Thursday, Jul 11, 2002 at 00:00
What's to repair? The Al-ko Rubber Suspension is a manufacturer assembled system that is pressed together at the factory in Hallam Victoria.
This takes a 10 tonne press to both assemble and disassemble, not easily done in your average backyard.
Advantages: Good ride, can be reconditioned, can be assembled with different weight ratings each side, simplicity.
Disadvantages: Doesn't like overloading, and in worst case scenario, breakages cannot really be fixed except for removal and return to Hallam.
AnswerID: 4813

Reply By: Nigel - Friday, Jul 12, 2002 at 00:00

Friday, Jul 12, 2002 at 00:00
A mate of mine replaced it with coils and shocks on his campomatic coz it bounced too much.
AnswerID: 4821

Follow Up By: Yonnee - Friday, Jul 12, 2002 at 00:00

Friday, Jul 12, 2002 at 00:00
They can.
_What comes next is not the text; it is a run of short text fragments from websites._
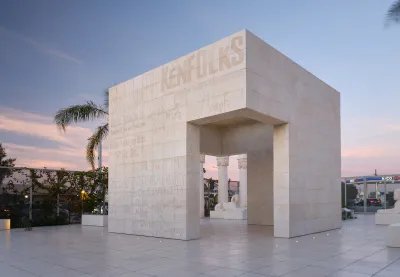 A concrete structure that has two large openings for doors. Etched into its surface are words such as 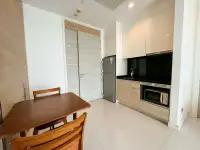 1 Bedroom Condo for Sale at Reflection Jomtien Beach kitchenette with fridge, microwave and dining table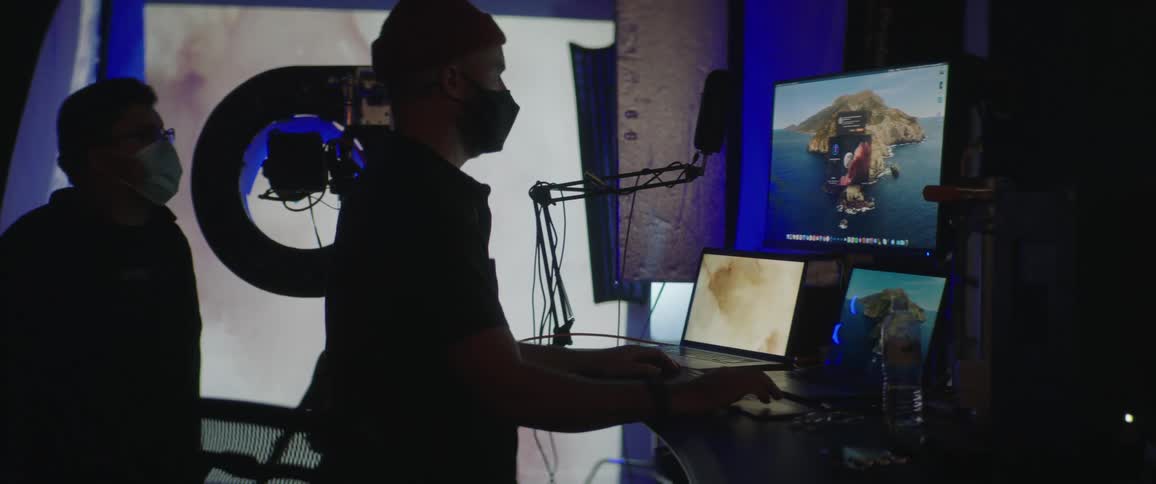 Photographer in studio works with computer showing images as another man watches both wear face masks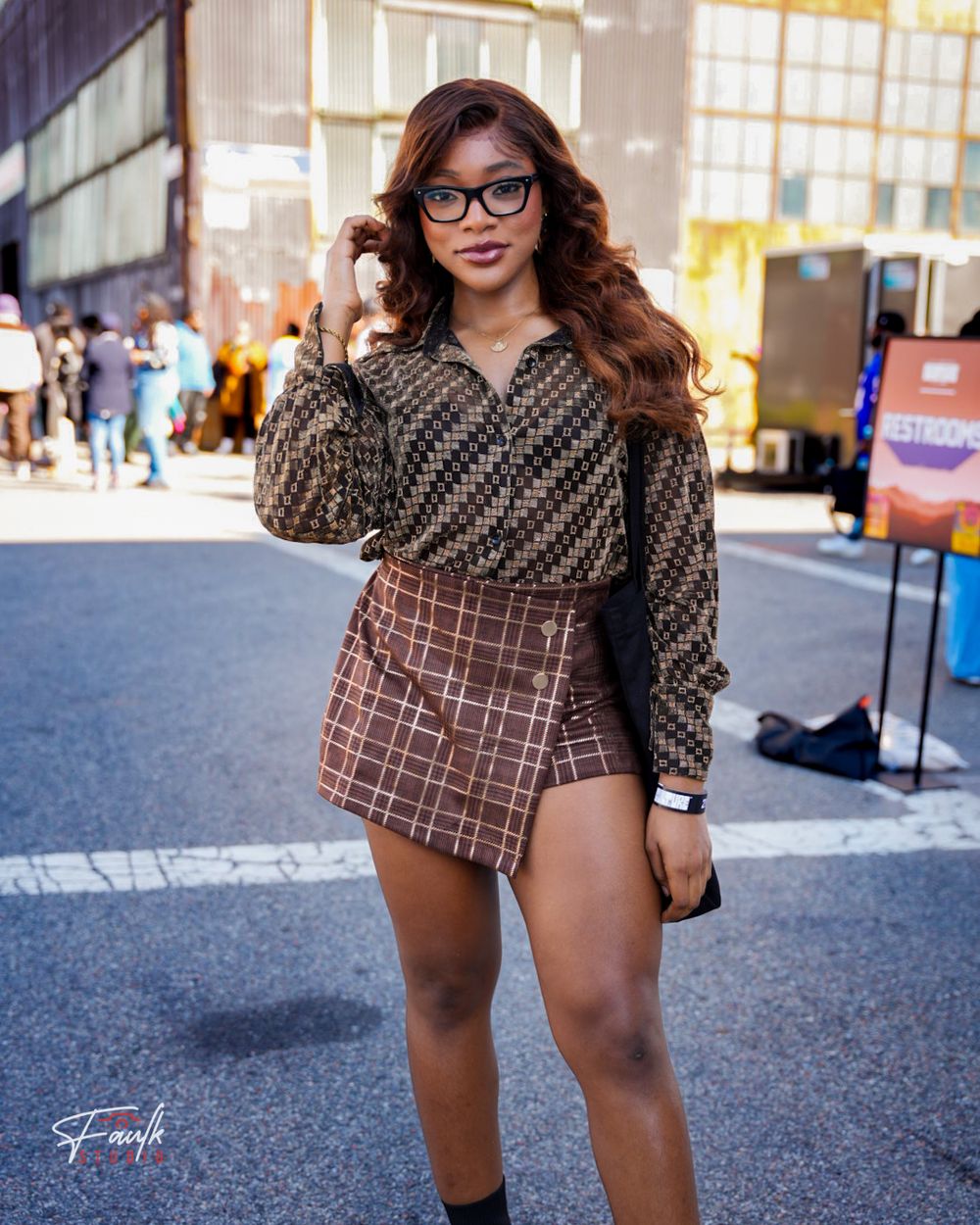 A person wearing a patterned top and shorts poses on a city street with buildings in the background.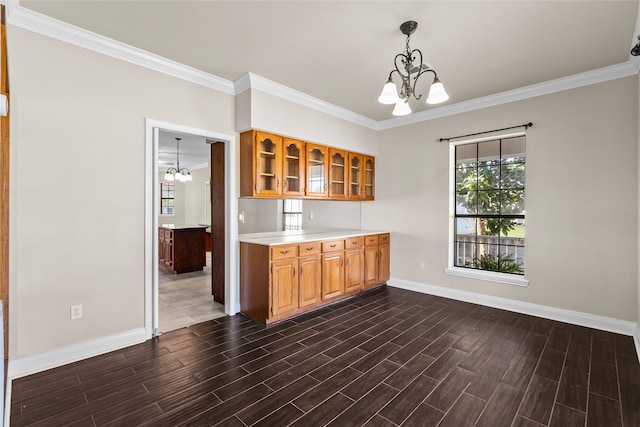 kitchen with ornamental molding, an inviting chandelier, and dark wood-type flooring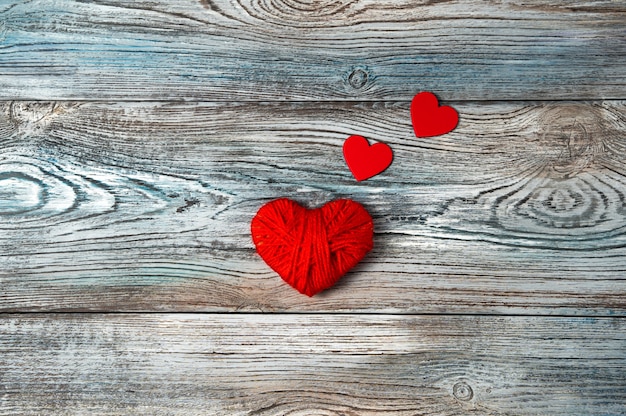 Red hearts on a wooden gray-blue background.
Al-ko's have a very narrow window of optimum weight ratings, but then again so do leaf springs.
The biggest disadvantage with coils is that running shockers is a must and can therefore be a bit on the pricey side when comes time
to replace them. They are also bulky. Not many trailers, campers or vans have huge wheel arches to accomodate the length of
a coil and shock absorber. Don't get me wrong, coils are probably the softest riding suspension with the longest travel,
but other than multi-axle, I don't know of many trailers that need wheel travel. Having worked in the industry for a number of years,
including Al-ko, everyone has their own opinion as to what's "the best". In my opinion, the best suspension set-up for a single axle trailer
is the "knee-suspension" produced by Melbourne Trailer and Caravan Supplies. A simple leaf spring set-up that does not use the springs to
hold the stub axle captive, so if you break a spring, it won't tear the axle from under the trailer. And there is no axle as such,
it uses a wish bone type that pivots from the middle of the chassis, so your ground clearance is the maximum available.
FollowupID: 2048

Reply By: Graham - Sunday, Jul 14, 2002 at 00:00

Sunday, Jul 14, 2002 at 00:00

The 'knee suspension' you refere to, can suffer the problem of not keeping the wheel/tyre aligned as different weights are carried on the suspension and/or as the wheel goe up/down in an arc....... give me trailing arm with leaf or coils/shockers thanks

AnswerID: 4842

Follow Up By: Yonnee - Monday, Jul 15, 2002 at 00:00

Monday, Jul 15, 2002 at 00:00
I understand your concern with the wheel alignment of the "knee" suspension, but as with any independent suspension, the wheel alignment
is set up to be correct at the load rating that the particular vehicle is set up for. Even solid beam axles can suffer this to a certain extent.
Try putting 1500kg on your 6x4 trailer axle and see how much you'll wear tyres. Irrespective of your suspension choice,
make sure you know the load of the towed vehicle, including all the luggage you put in it, and add a safety margin. That way
you shouldn't have to worry about how easy the trailer suspension is to repair in the middle of nowhere! Happy Towing.